Virtual reality: Pupils at St Fintina?s school in Longwood, Co Meath, with their laptops
Wednesday December 02 2009
It could be like any other chemistry class for Leaving Cert pupils at St Fintina's post-primary school in Longwood. But these students are perhaps unique: they have a virtual teacher.
The chemistry pupils attend lessons at the Meath school by watching chemistry classes which are taking place simultaneously in another local school.
There are two classrooms, but just one real life teacher.
The St Fintina's pupils can see and hear their teacher Ruth Smith on screen via a webcam, and she can see and hear them. From her own classroom in Dunshaughlin Community College she can supervise pupils a few miles away in Longwood.
The two schools which are under the umbrella the Meath Vocational Education Committee are at the forefront of a hi-tech revolution that will transform education in the coming decades.

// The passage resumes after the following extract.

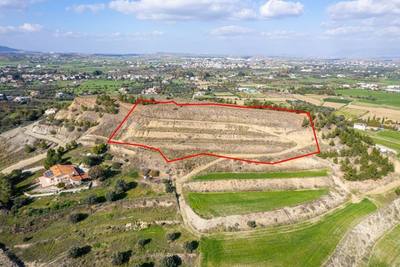 Residential field in Pera, Nicosia thumbnail 1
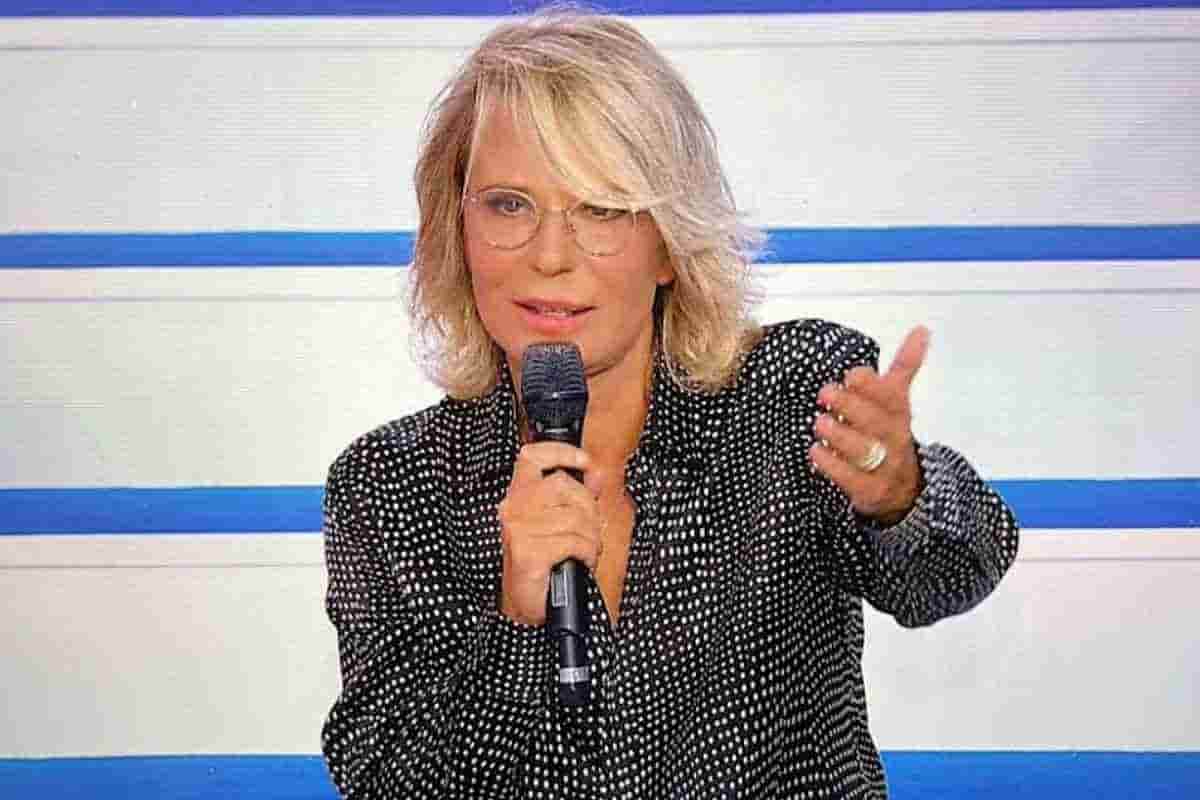Uomini e Donne, la segnalazione che cambia tutto: “Beccato con un’altra”. Lui si difende così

The Meath VEC have been chosen as innovation mentors by Microsoft. Many of the innovations were introduced at Dunshaughlin Community College, but are now used at the other VEC schools in the county. Last month, the Meath VEC was chosen as one of only 12 global mentors at the Worldwide Innovation Education Forum organised by Microsoft in Brazil. The forum showed how the IT revolution is set to change teaching and education for ever.
Nationally, the government last month acknowledged the importance of new technology in schools when it pledged €150m towards providing laptops.
The Meath VEC schools are years ahead of the government in introducing computers into classrooms. Every classroom has a teaching laptop with a digital projector, but that is really just the start of the education revolution.
At St Fintina's, every student in first year now has a laptop. The students rent the computers for €100 per year, a fee which is paid by parents.
The payment for laptops by parents could eventually be the model followed by Irish schools in the future, with poorer parents compensated in the same way that they are currently given allowances for textbooks.
Parents are unlikely to welcome the initial extra cost, but as the cost of laptops drops this will be offset by savings on text books.
At Longwood, the first-year students have text books in four subjects -- Irish, history, geography and science -- loaded onto their laptops. So, they do n't have to lug around these books in their bags.
The concept of technology in the classroom used to be based around the idea of a computer lab. Every so often, pupils traipse into the lab for a few minutes to tap away on a keyboard.
In the most technologically-advanced schools computers are embedded into the learning process so that they are used in every classroom by every pupil.
There will soon be a big demand for online subject material available on computer that is tailor-made for the Junior and Leaving Certs.
Seamus Ryan, education officer of the Meath VEC, says there will be a radical change in the type of course material used by pupils.
"Once the text books move on to computers, there is potential for all sorts of innovations, such as the use of animations and film.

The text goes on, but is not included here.